• Recorded information:

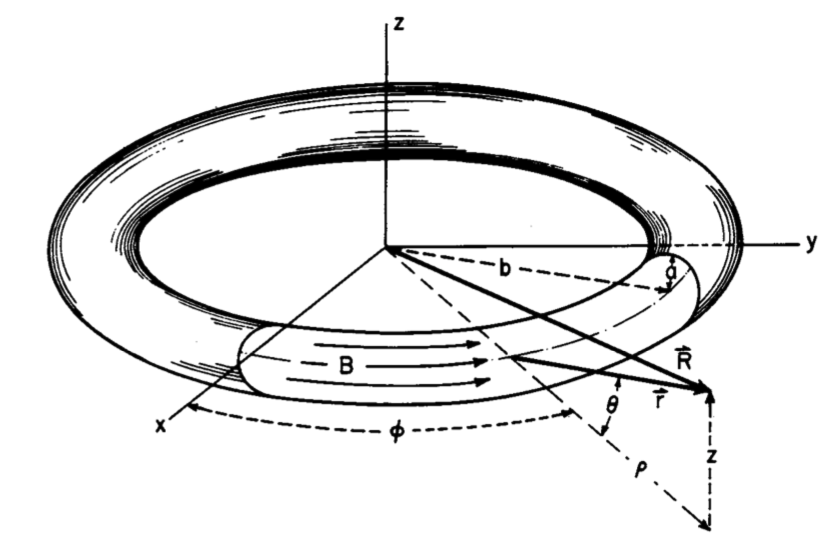 Figure 1 from Thorne (1965)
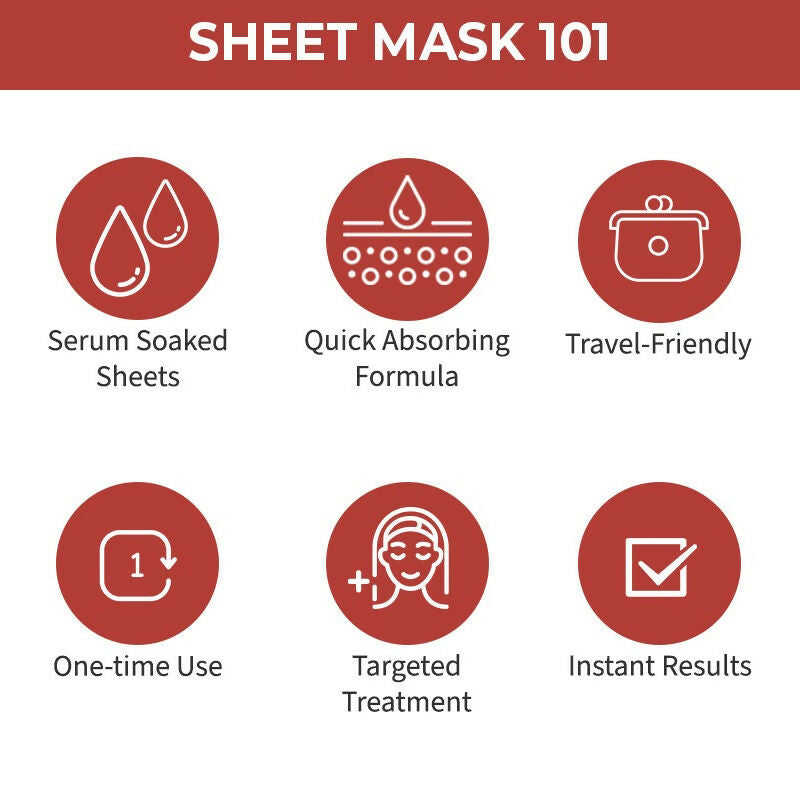 Nykaa Skin Secrets Indian Rituals Saffron + Honey Sheet Mask For Glowing & Moisturised Skin - Grab2buy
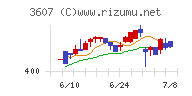 クラウディアホールディングス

• What to work on: Only the lines from the one containing "Nykaa Skin Secrets" through the last line of the data above, both included, belong in the reply, each restated exactly and without pictures.

• Result of this task:
 Nykaa Skin Secrets Indian Rituals Saffron + Honey Sheet Mask For Glowing & Moisturised Skin - Grab2buy
 クラウディアホールディングス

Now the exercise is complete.